** DATA follows **
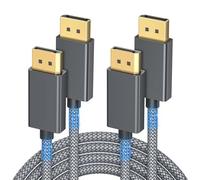 Câble DisplayPort 8K 60Hz 4.5M(2-Pack),Cordon ultra rapide DP 1.4 mâle pour ordinateur portable/PC/TV/moniteur de jeux,Prise en charge la bande passante HBR3 de 32.4Gbps,4K@144Hz,2K@165Hz,1080P@240Hz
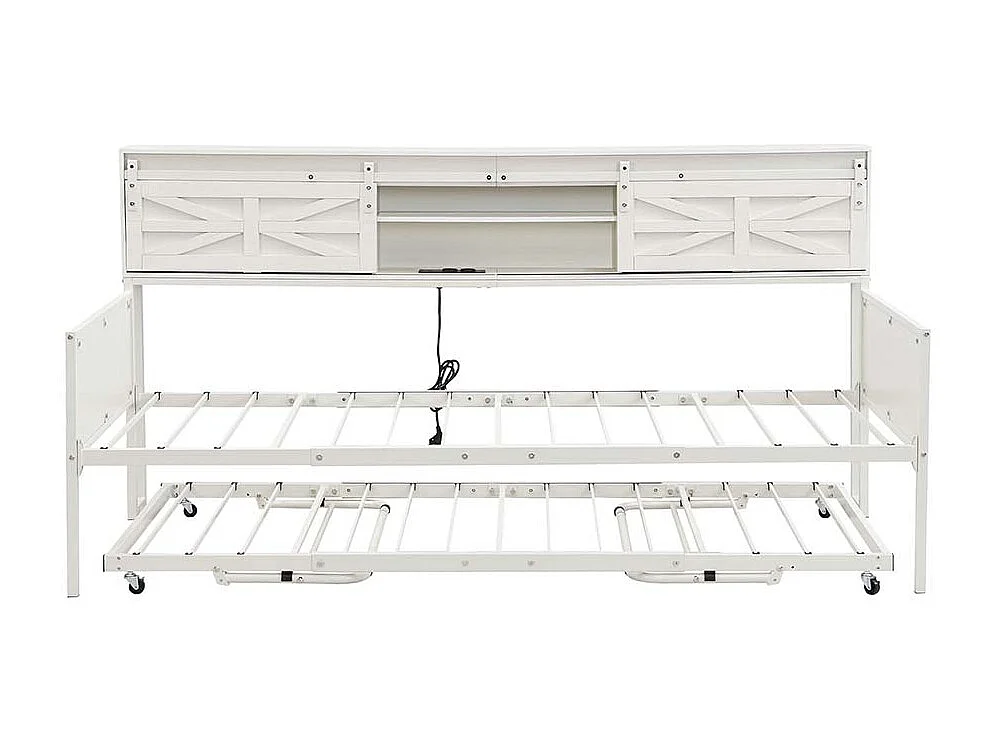 Lit gigogne 90 x 200 cm, avec compartiments de rangement et prise multifonction,blanc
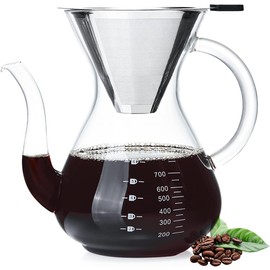 Pokaloti Coffee Server, Heat Resistant Glass, Coffee Pitcher, 33.8 fl oz (1,000 ml), Stylish, Drip Coffee Server, Stainless Steel Mesh Double Layer Filter, Repeated Usable, No Paper Filter Required,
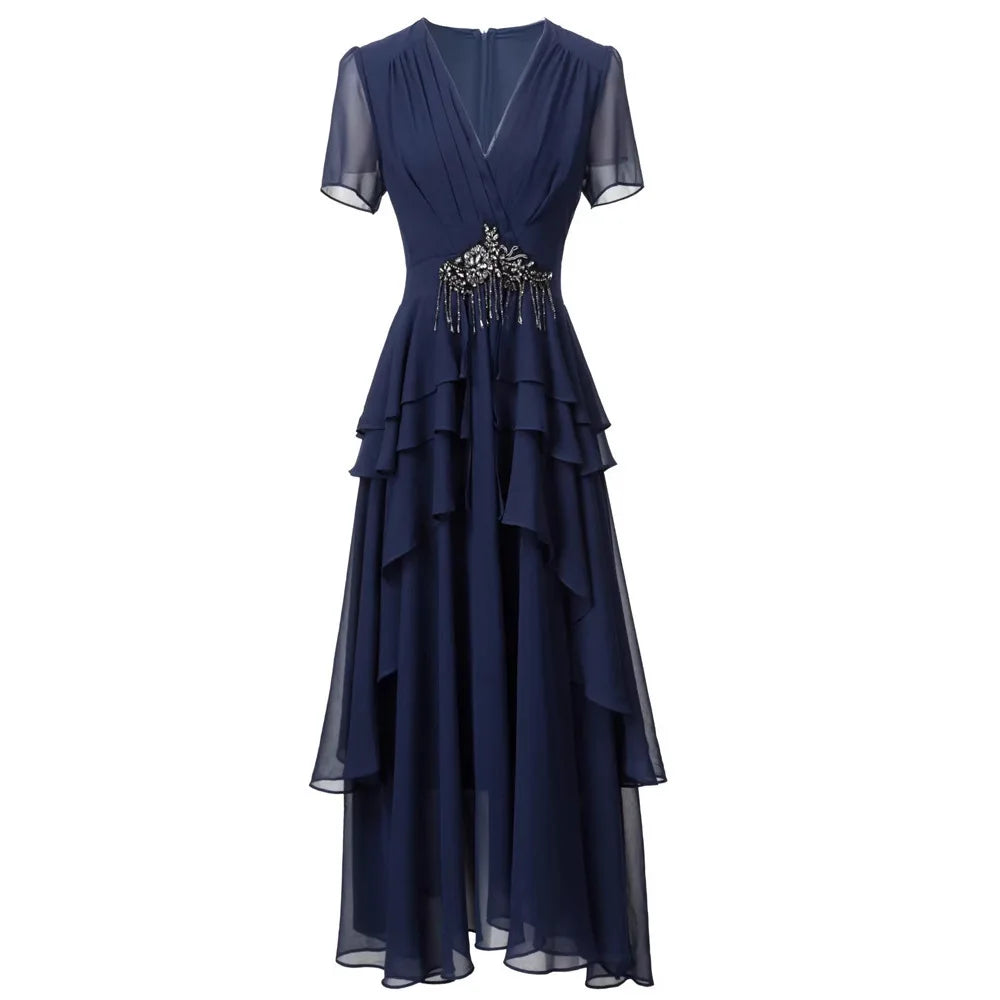 TWOTWINSTYLE Solid Slimming Spliced Bead Dresses for Women V Neck Short Sleeves Patchwork Ruffles Folds Dress Female Clothes New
** End of DATA **
EXERCISE: Write the listing out exactly, apart from its pictures.

EXPECTED OUTPUT:
 Câble DisplayPort 8K 60Hz 4.5M(2-Pack),Cordon ultra rapide DP 1.4 mâle pour ordinateur portable/PC/TV/moniteur de jeux,Prise en charge la bande passante HBR3 de 32.4Gbps,4K@144Hz,2K@165Hz,1080P@240Hz
 Lit gigogne 90 x 200 cm, avec compartiments de rangement et prise multifonction,blanc
 Pokaloti Coffee Server, Heat Resistant Glass, Coffee Pitcher, 33.8 fl oz (1,000 ml), Stylish, Drip Coffee Server, Stainless Steel Mesh Double Layer Filter, Repeated Usable, No Paper Filter Required,
 TWOTWINSTYLE Solid Slimming Spliced Bead Dresses for Women V Neck Short Sleeves Patchwork Ruffles Folds Dress Female Clothes New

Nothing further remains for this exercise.